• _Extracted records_
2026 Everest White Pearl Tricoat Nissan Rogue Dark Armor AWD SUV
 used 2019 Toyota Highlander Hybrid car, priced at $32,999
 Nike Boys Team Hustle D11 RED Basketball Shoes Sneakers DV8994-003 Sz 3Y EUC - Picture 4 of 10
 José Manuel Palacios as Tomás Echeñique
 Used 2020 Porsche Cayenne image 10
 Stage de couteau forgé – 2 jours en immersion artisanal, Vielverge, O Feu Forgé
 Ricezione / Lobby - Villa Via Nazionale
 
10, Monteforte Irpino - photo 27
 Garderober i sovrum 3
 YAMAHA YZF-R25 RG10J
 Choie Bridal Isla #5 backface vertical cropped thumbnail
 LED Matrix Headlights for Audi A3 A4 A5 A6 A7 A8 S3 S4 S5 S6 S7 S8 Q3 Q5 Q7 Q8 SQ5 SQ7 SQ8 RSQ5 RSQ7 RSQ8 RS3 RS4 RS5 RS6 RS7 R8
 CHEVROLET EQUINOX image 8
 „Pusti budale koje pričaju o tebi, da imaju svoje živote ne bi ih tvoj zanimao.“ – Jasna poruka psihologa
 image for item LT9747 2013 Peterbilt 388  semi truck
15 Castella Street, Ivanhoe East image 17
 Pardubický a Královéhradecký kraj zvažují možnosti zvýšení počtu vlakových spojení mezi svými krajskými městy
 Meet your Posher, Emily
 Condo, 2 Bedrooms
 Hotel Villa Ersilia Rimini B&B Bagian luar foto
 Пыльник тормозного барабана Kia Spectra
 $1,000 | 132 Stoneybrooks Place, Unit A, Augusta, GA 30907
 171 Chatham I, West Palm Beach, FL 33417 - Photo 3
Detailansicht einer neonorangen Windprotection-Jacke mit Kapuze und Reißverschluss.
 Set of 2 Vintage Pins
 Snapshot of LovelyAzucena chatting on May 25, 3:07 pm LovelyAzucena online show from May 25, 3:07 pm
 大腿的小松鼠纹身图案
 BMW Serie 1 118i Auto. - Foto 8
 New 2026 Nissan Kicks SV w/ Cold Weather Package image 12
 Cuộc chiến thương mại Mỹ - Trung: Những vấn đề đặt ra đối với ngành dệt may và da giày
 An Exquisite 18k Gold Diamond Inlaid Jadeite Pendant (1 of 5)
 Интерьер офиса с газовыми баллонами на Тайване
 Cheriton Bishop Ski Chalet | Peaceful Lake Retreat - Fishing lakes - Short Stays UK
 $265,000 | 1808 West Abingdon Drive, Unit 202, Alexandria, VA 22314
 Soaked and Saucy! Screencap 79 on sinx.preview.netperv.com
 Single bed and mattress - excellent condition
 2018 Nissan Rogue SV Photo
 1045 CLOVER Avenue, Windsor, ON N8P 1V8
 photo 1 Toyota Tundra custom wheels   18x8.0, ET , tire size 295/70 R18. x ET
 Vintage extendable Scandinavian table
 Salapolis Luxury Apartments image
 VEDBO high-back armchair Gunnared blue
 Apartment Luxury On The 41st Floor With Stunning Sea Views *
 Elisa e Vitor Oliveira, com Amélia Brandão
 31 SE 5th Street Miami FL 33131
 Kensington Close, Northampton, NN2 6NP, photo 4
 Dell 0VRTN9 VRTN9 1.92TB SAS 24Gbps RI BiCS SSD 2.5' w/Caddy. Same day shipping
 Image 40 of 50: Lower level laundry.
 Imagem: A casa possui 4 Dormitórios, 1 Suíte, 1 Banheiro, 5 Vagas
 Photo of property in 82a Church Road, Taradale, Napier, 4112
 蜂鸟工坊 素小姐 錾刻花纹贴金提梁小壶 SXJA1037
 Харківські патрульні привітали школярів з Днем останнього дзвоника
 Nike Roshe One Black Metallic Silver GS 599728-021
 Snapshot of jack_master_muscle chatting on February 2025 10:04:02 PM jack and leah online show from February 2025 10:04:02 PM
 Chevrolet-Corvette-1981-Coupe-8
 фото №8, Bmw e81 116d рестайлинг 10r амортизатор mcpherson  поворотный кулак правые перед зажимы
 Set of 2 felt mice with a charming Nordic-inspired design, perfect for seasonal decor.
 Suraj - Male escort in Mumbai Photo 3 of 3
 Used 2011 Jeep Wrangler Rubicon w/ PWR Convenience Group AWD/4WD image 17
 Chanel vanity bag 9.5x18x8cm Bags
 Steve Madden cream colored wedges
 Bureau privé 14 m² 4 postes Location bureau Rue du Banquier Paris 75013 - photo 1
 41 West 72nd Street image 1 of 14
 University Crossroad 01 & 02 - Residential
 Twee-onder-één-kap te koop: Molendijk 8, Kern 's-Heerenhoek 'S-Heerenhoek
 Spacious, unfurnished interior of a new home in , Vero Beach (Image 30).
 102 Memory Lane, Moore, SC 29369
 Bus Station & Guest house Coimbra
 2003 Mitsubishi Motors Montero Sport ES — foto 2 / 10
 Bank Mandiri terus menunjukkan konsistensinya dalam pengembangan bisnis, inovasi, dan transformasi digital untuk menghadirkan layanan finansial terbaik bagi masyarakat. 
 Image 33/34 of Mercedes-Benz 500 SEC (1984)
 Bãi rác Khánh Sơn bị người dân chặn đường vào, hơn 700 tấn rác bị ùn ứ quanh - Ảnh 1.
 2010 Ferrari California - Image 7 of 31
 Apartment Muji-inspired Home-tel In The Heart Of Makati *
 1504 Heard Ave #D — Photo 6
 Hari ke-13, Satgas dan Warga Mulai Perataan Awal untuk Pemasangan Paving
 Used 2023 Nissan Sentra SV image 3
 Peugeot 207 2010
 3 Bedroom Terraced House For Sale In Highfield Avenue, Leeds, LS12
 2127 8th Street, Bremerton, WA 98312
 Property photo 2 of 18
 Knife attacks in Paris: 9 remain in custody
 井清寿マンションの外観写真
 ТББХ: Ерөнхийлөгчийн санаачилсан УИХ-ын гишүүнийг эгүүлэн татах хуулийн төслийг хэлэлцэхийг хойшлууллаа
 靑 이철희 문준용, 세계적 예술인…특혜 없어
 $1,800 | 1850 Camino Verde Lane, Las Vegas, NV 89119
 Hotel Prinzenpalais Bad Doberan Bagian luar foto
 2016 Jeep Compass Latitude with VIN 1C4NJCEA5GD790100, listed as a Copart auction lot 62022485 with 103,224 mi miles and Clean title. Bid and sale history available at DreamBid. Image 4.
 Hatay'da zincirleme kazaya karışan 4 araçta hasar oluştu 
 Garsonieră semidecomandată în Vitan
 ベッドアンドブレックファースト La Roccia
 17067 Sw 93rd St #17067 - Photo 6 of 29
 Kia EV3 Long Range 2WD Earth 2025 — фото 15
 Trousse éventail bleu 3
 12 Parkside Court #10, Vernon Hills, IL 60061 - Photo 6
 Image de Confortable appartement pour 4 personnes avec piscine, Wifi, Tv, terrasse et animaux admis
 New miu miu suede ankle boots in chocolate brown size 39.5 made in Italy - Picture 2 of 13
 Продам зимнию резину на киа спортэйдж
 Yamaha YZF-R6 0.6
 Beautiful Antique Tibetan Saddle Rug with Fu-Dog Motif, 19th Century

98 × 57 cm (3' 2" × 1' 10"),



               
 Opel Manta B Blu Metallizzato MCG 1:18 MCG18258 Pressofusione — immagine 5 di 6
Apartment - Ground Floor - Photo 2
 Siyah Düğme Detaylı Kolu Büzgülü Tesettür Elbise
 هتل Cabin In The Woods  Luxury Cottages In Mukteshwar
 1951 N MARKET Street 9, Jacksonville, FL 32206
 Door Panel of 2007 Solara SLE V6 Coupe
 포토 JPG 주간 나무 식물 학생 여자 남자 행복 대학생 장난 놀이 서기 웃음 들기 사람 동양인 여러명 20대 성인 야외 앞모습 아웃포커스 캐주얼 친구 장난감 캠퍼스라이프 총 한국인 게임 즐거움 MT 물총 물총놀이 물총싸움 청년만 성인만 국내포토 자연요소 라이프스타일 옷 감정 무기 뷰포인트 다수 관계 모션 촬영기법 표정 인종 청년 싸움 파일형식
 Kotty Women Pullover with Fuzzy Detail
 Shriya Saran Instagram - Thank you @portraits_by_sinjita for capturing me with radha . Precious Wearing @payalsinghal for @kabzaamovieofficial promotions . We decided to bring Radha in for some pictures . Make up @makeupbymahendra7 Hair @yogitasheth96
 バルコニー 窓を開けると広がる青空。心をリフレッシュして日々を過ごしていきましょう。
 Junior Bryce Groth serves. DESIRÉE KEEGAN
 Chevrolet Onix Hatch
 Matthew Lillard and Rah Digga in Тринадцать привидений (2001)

• _TASK GOAL_
From the records above, reproduce exactly the lines from the one with "Photo of property" to the one with "2127 8th Street, Bremerton, WA 98312", both included, and no others.

• _RESPONSE TO THE TASK_
 Photo of property in 82a Church Road, Taradale, Napier, 4112
 蜂鸟工坊 素小姐 錾刻花纹贴金提梁小壶 SXJA1037
 Харківські патрульні привітали школярів з Днем останнього дзвоника
 Nike Roshe One Black Metallic Silver GS 599728-021
 Snapshot of jack_master_muscle chatting on February 2025 10:04:02 PM jack and leah online show from February 2025 10:04:02 PM
 Chevrolet-Corvette-1981-Coupe-8
 фото №8, Bmw e81 116d рестайлинг 10r амортизатор mcpherson  поворотный кулак правые перед зажимы
 Set of 2 felt mice with a charming Nordic-inspired design, perfect for seasonal decor.
 Suraj - Male escort in Mumbai Photo 3 of 3
 Used 2011 Jeep Wrangler Rubicon w/ PWR Convenience Group AWD/4WD image 17
 Chanel vanity bag 9.5x18x8cm Bags
 Steve Madden cream colored wedges
 Bureau privé 14 m² 4 postes Location bureau Rue du Banquier Paris 75013 - photo 1
 41 West 72nd Street image 1 of 14
 University Crossroad 01 & 02 - Residential
 Twee-onder-één-kap te koop: Molendijk 8, Kern 's-Heerenhoek 'S-Heerenhoek
 Spacious, unfurnished interior of a new home in , Vero Beach (Image 30).
 102 Memory Lane, Moore, SC 29369
 Bus Station & Guest house Coimbra
 2003 Mitsubishi Motors Montero Sport ES — foto 2 / 10
 Bank Mandiri terus menunjukkan konsistensinya dalam pengembangan bisnis, inovasi, dan transformasi digital untuk menghadirkan layanan finansial terbaik bagi masyarakat. 
 Image 33/34 of Mercedes-Benz 500 SEC (1984)
 Bãi rác Khánh Sơn bị người dân chặn đường vào, hơn 700 tấn rác bị ùn ứ quanh - Ảnh 1.
 2010 Ferrari California - Image 7 of 31
 Apartment Muji-inspired Home-tel In The Heart Of Makati *
 1504 Heard Ave #D — Photo 6
 Hari ke-13, Satgas dan Warga Mulai Perataan Awal untuk Pemasangan Paving
 Used 2023 Nissan Sentra SV image 3
 Peugeot 207 2010
 3 Bedroom Terraced House For Sale In Highfield Avenue, Leeds, LS12
 2127 8th Street, Bremerton, WA 98312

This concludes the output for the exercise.